With the pictures left out, restate exactly the part below that opens with the line containing "ELEGANT POINTED TOE THIN HEELS-VETEMENTS" and closes with the line containing "灯饰设计 Kelektron 2025年西班牙风扇灯吊扇灯设计图片电子目录".

* **DATA SHOWN**:
***

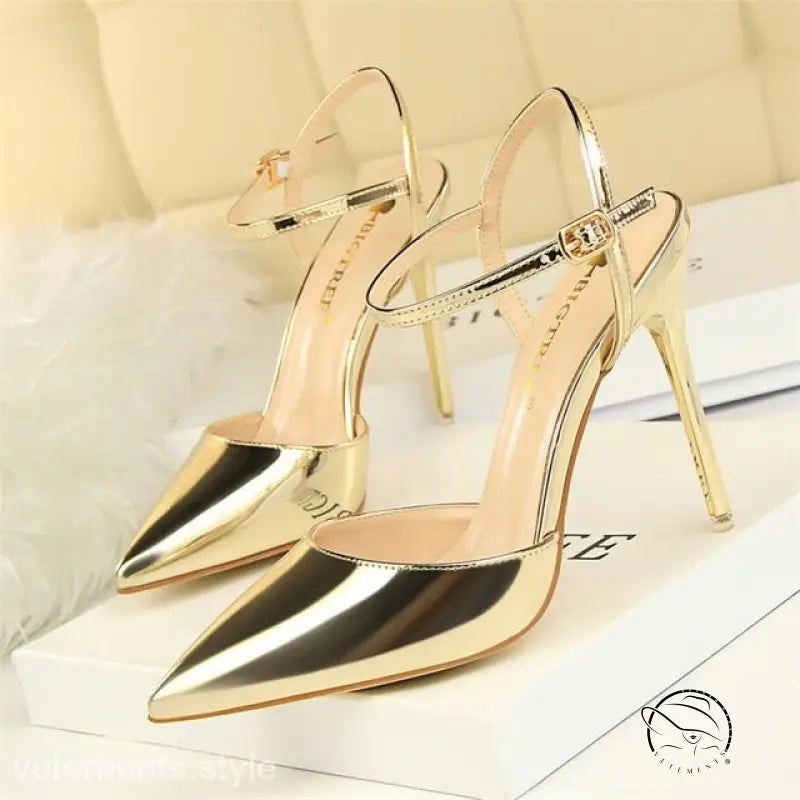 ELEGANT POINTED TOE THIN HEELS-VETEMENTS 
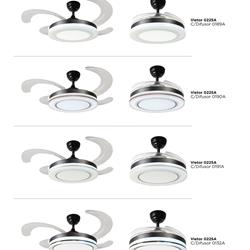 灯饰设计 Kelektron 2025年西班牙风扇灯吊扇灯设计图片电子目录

***

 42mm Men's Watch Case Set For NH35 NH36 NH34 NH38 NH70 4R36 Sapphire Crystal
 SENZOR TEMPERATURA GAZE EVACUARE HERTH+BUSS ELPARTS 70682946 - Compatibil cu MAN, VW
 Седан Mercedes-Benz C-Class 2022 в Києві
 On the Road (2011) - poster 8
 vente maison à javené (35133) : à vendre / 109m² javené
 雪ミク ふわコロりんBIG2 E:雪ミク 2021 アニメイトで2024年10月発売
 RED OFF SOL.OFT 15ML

***

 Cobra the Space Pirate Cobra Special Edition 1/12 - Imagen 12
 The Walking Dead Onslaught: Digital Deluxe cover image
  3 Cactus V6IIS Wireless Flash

***

* **OUTPUT OF THE TASK**:
 ELEGANT POINTED TOE THIN HEELS-VETEMENTS 
 灯饰设计 Kelektron 2025年西班牙风扇灯吊扇灯设计图片电子目录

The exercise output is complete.